:: DIRECTIONS ::
Leaving all pictures aside, write out the records below precisely as given.

=== LISTED RECORDS ===

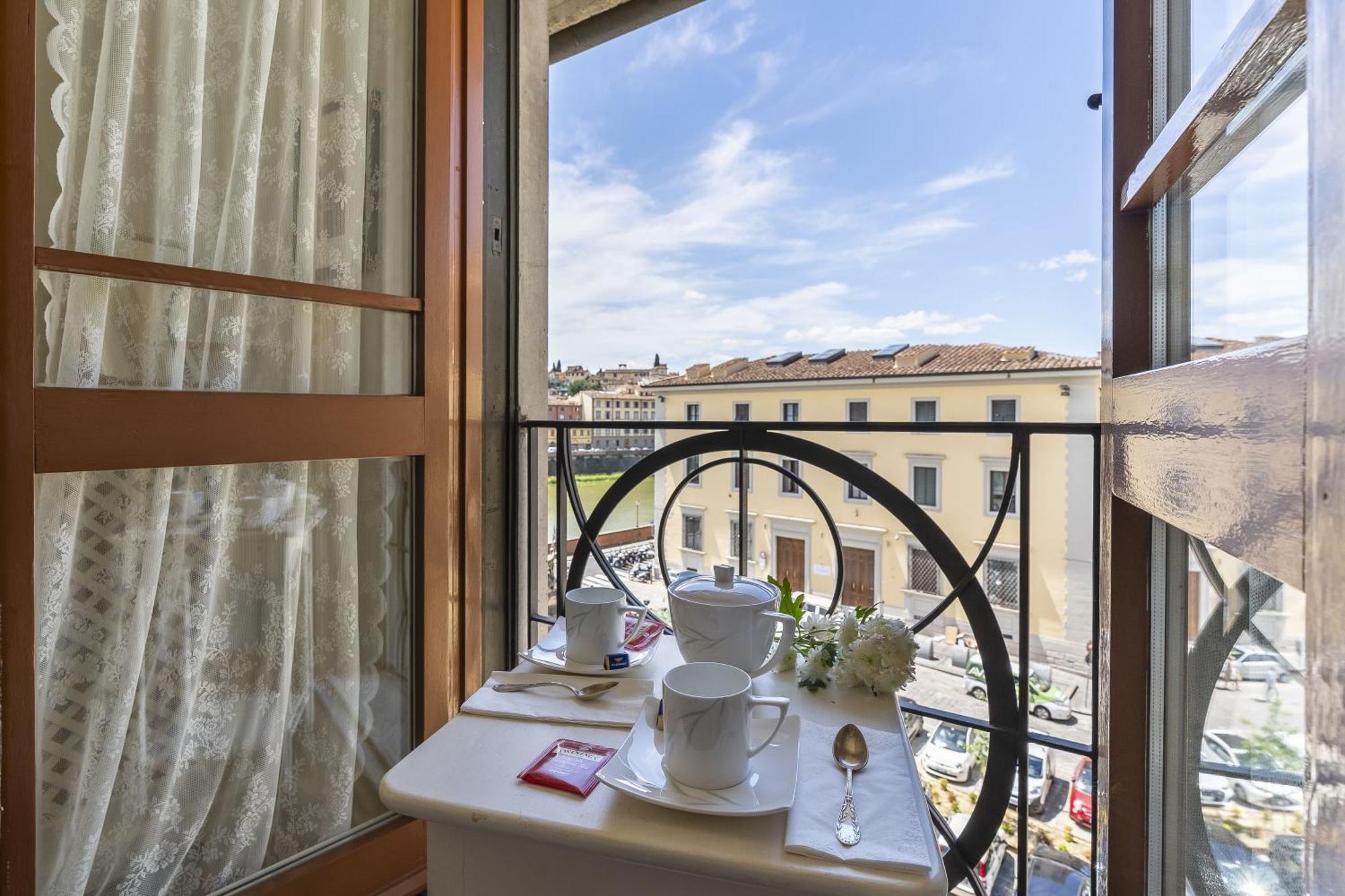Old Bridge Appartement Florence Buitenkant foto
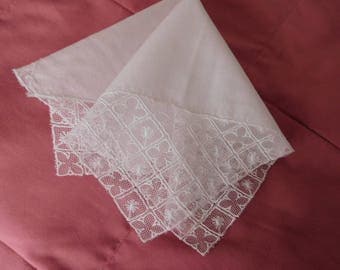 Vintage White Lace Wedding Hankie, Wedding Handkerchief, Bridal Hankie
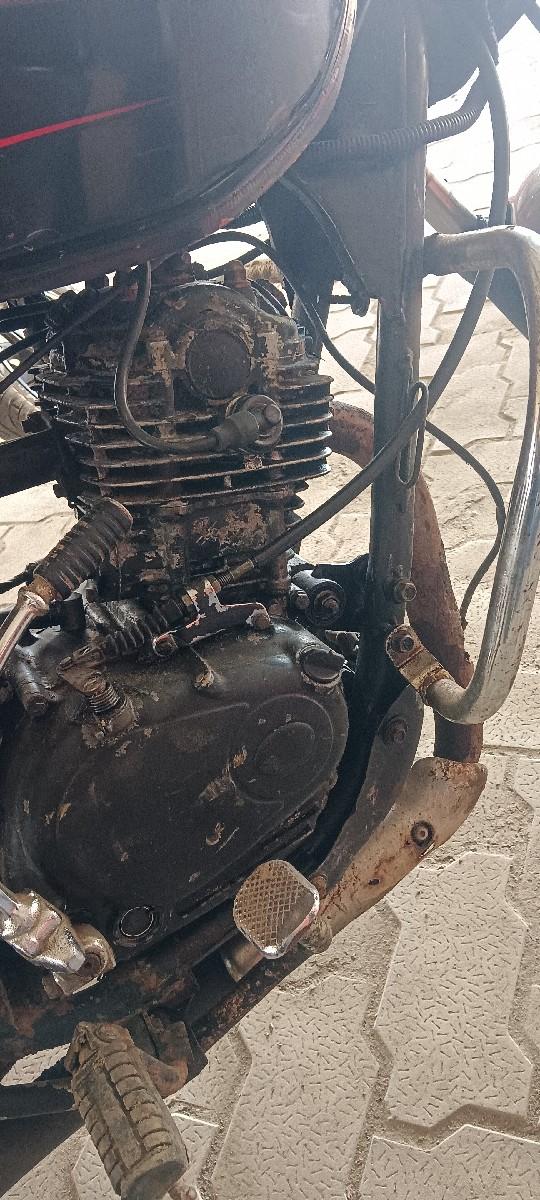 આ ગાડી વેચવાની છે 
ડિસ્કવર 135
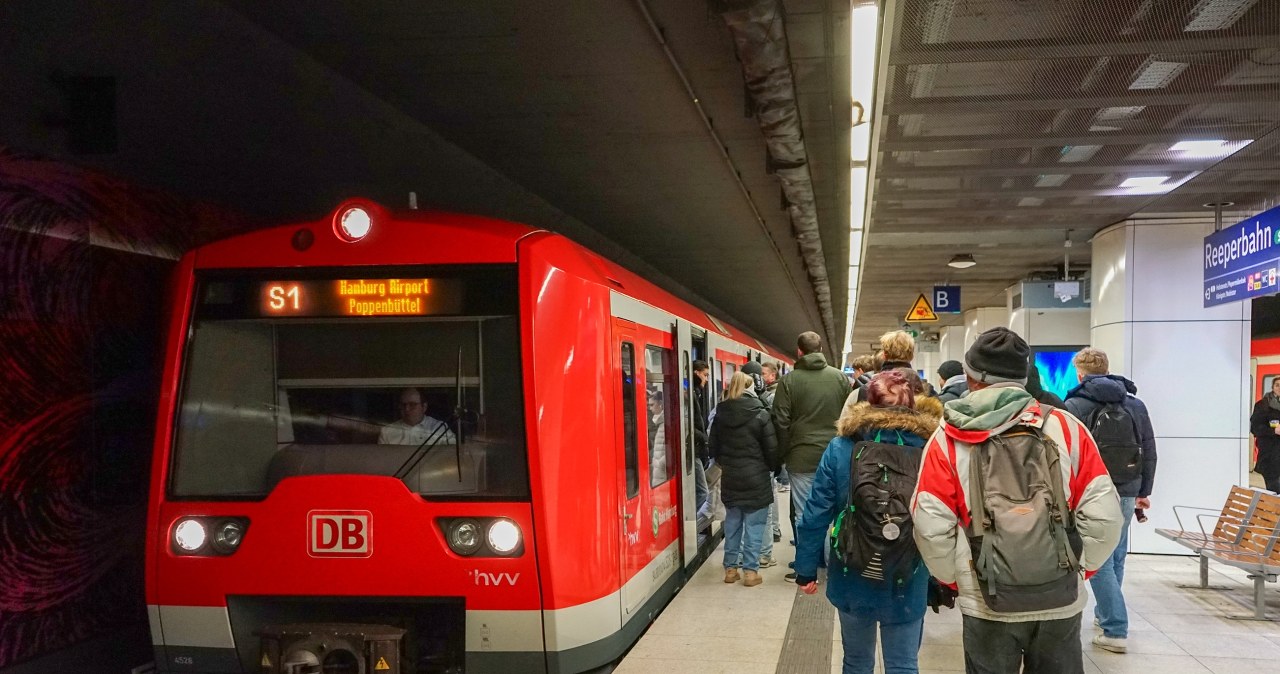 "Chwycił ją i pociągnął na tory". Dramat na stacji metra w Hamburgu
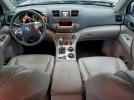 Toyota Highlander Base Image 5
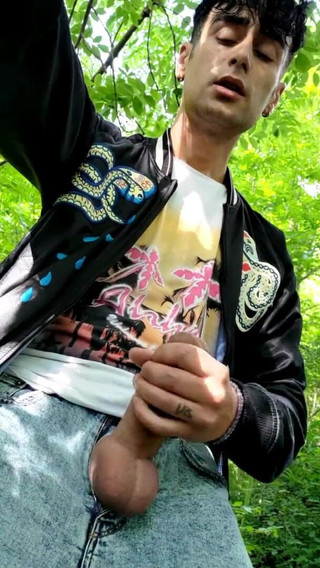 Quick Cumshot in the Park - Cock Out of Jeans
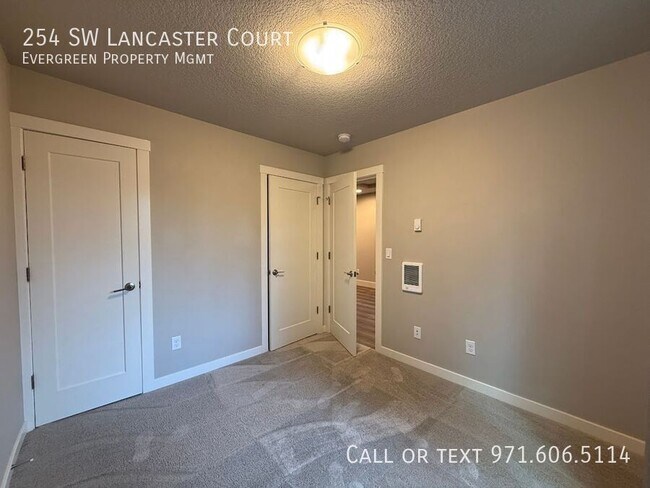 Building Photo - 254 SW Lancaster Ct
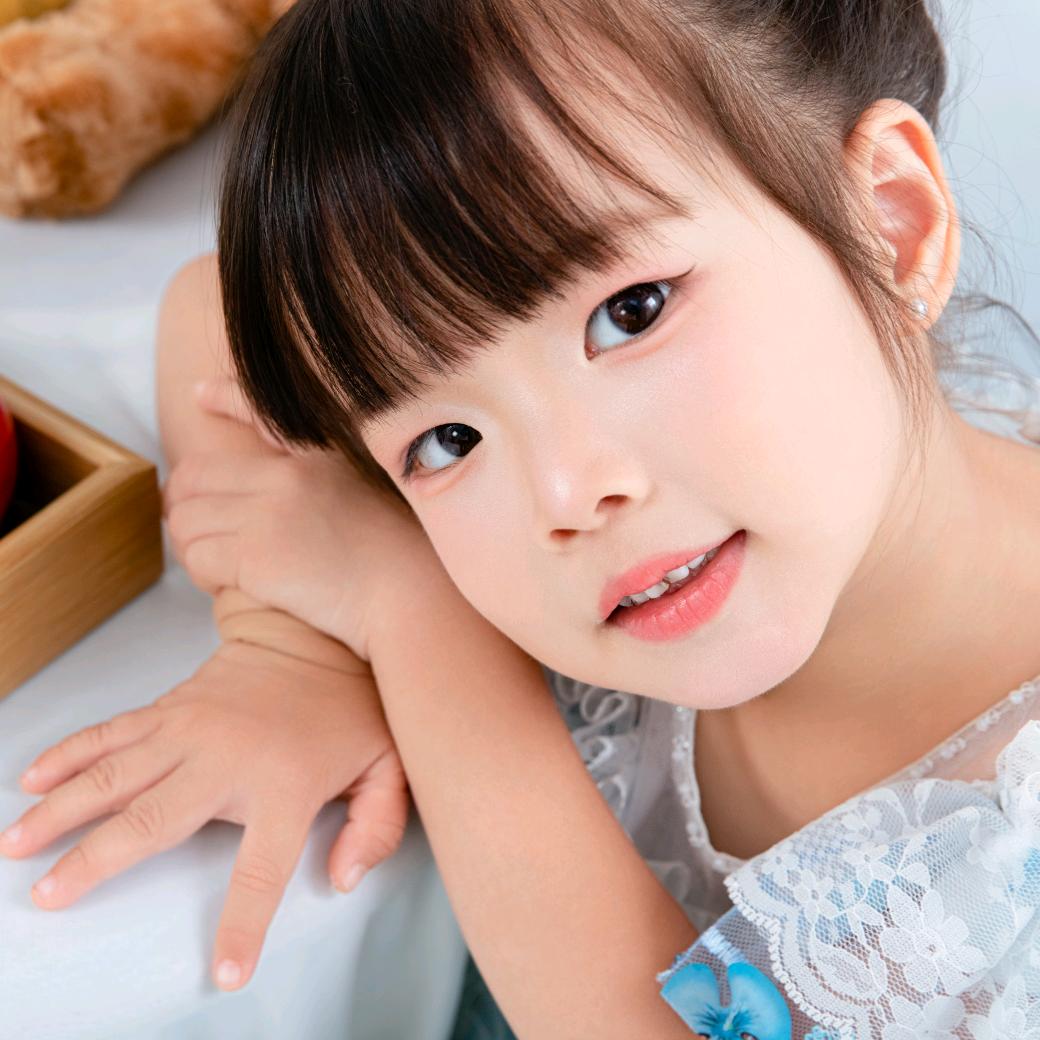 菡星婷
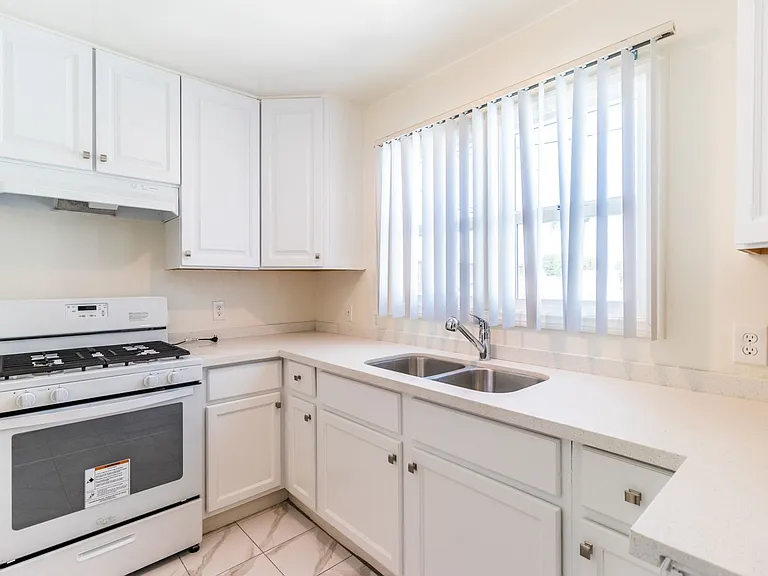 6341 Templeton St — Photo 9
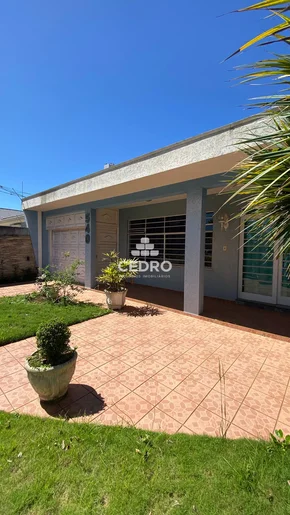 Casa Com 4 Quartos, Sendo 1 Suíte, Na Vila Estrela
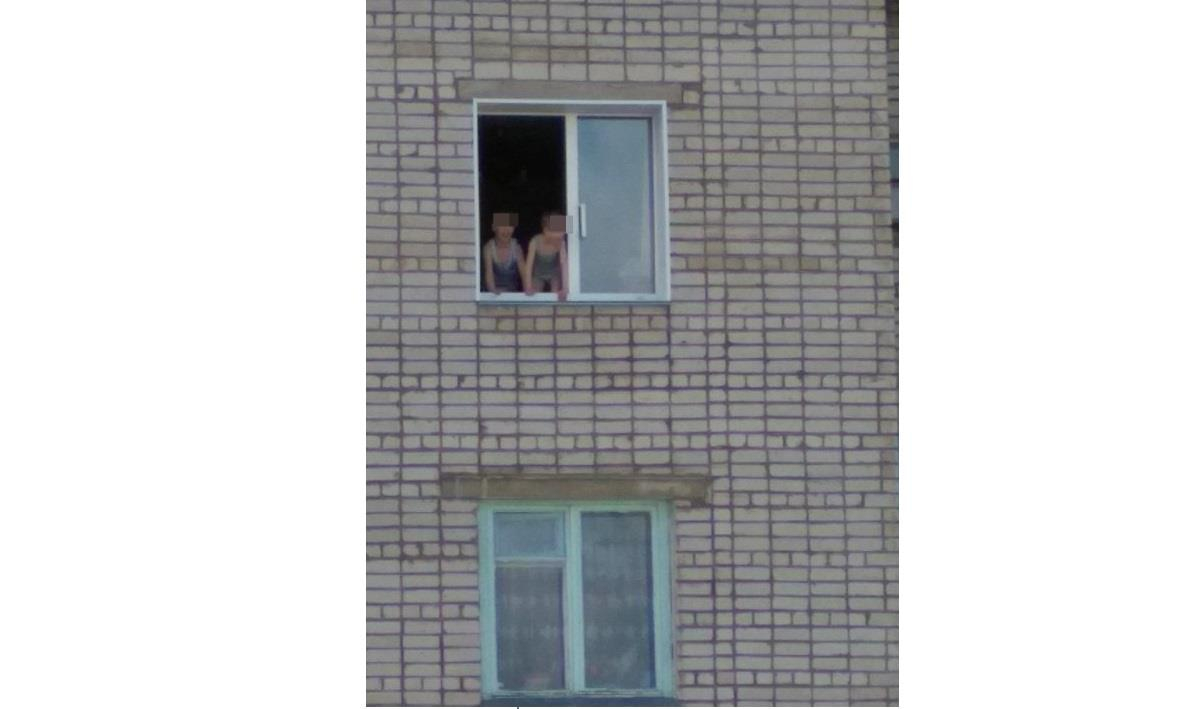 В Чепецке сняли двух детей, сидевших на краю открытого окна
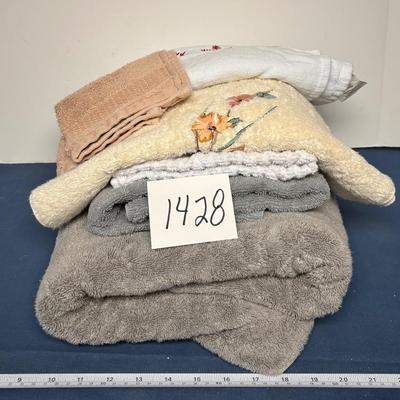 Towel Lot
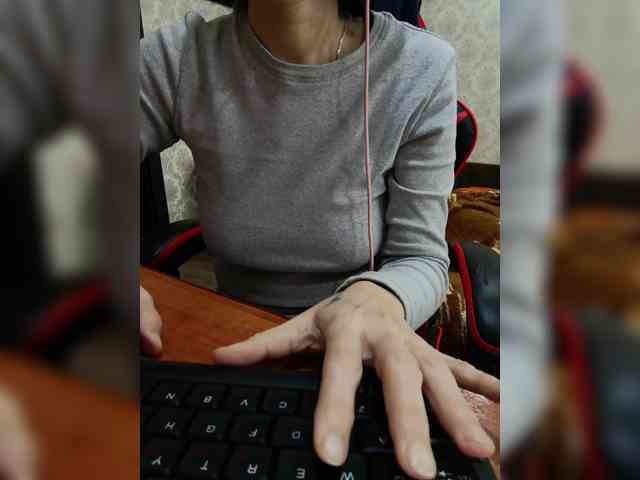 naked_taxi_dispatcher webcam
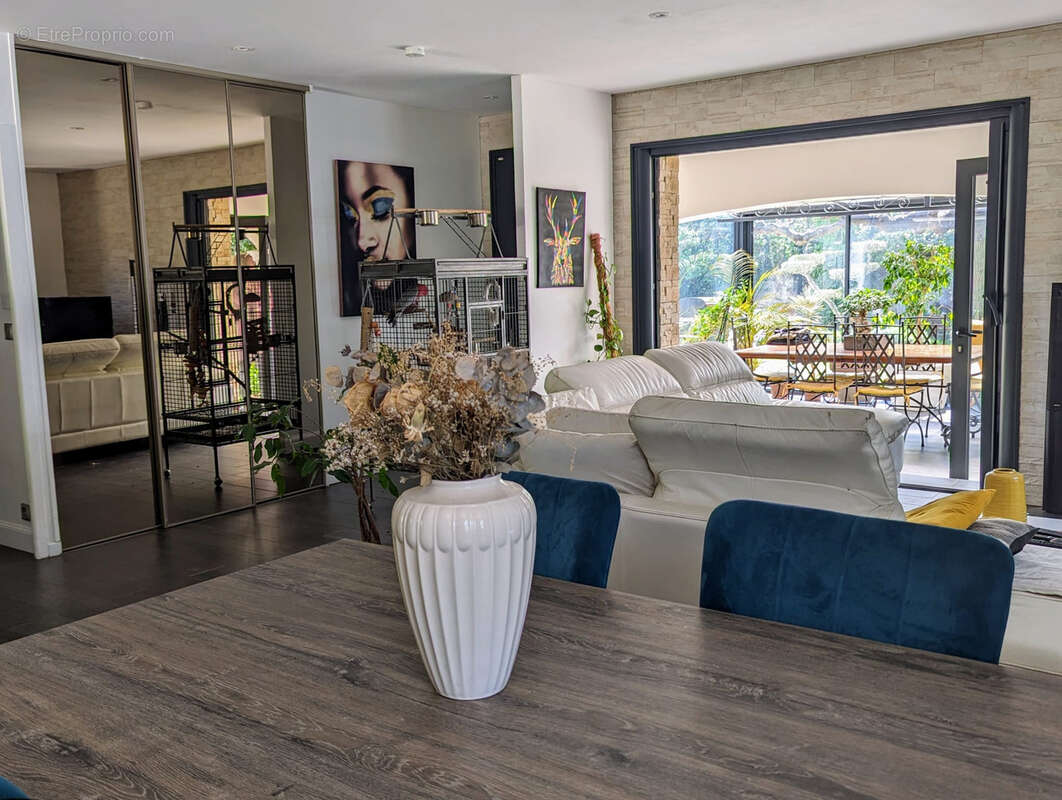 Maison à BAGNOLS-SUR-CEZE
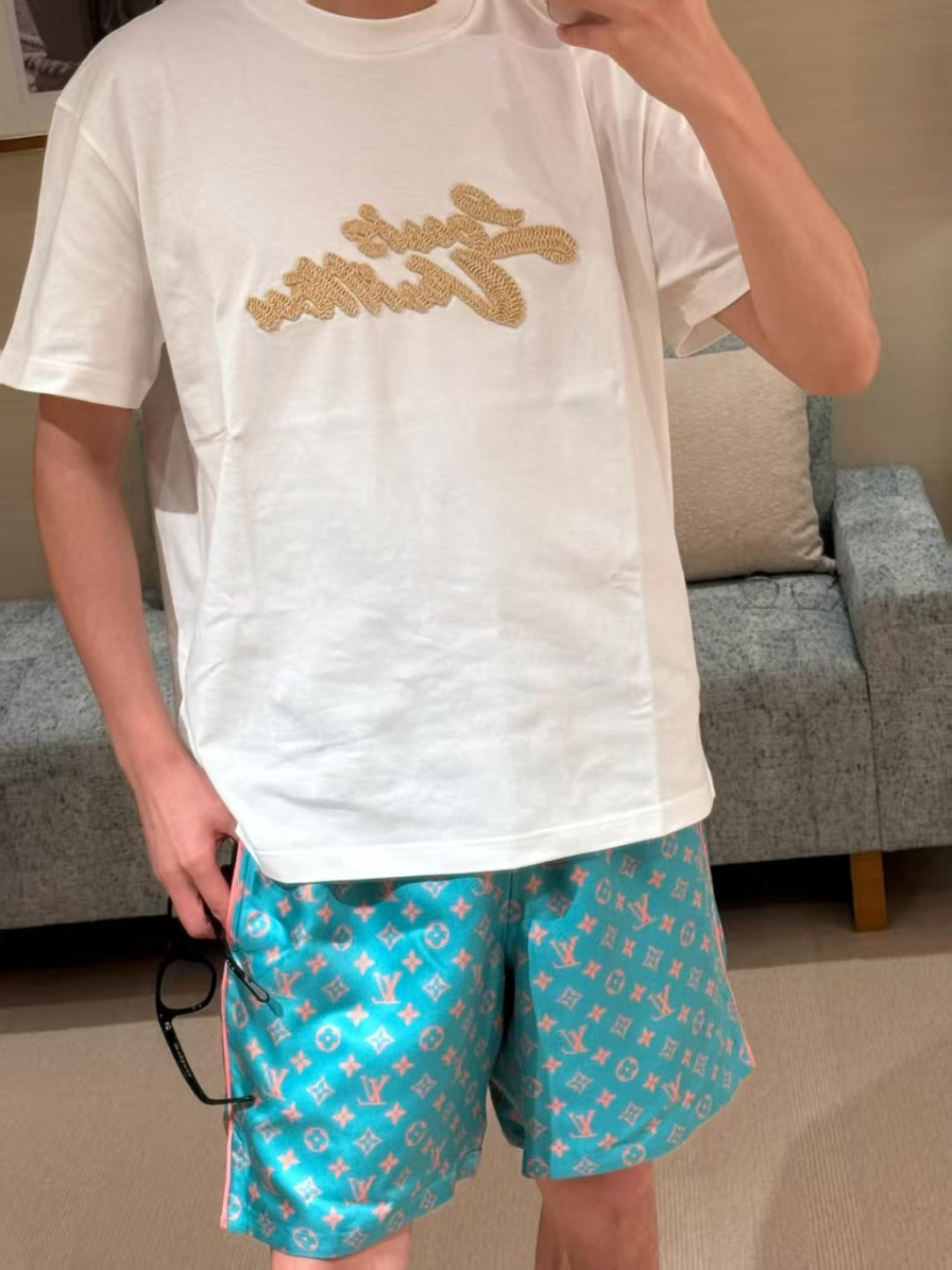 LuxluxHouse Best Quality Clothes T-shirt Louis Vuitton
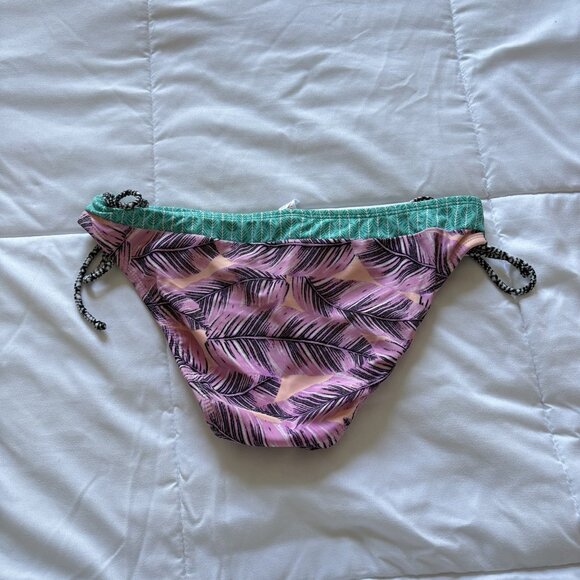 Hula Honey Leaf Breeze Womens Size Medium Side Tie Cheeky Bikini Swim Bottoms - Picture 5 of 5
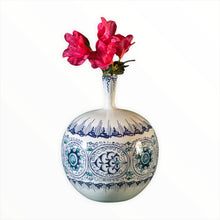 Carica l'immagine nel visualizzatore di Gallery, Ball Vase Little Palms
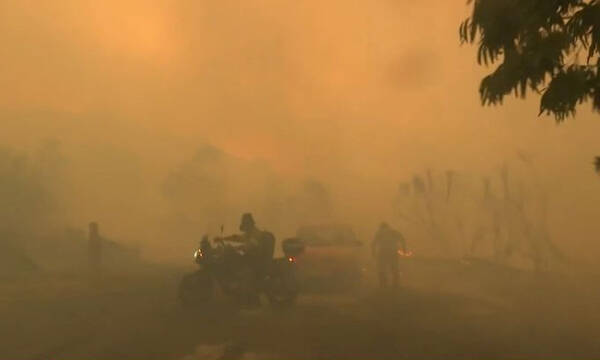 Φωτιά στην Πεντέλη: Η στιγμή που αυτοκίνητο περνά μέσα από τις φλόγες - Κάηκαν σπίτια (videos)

===

:: ANSWER SPACE ::
Old Bridge Appartement Florence Buitenkant foto
 Vintage White Lace Wedding Hankie, Wedding Handkerchief, Bridal Hankie
 આ ગાડી વેચવાની છે 
ડિસ્કવર 135
 "Chwycił ją i pociągnął na tory". Dramat na stacji metra w Hamburgu
 Toyota Highlander Base Image 5
 Quick Cumshot in the Park - Cock Out of Jeans
 Building Photo - 254 SW Lancaster Ct
 菡星婷
 6341 Templeton St — Photo 9
 Casa Com 4 Quartos, Sendo 1 Suíte, Na Vila Estrela
 В Чепецке сняли двух детей, сидевших на краю открытого окна
 Towel Lot
 naked_taxi_dispatcher webcam
 Maison à BAGNOLS-SUR-CEZE
 LuxluxHouse Best Quality Clothes T-shirt Louis Vuitton
 Hula Honey Leaf Breeze Womens Size Medium Side Tie Cheeky Bikini Swim Bottoms - Picture 5 of 5
 Carica l'immagine nel visualizzatore di Gallery, Ball Vase Little Palms
 Φωτιά στην Πεντέλη: Η στιγμή που αυτοκίνητο περνά μέσα από τις φλόγες - Κάηκαν σπίτια (videos)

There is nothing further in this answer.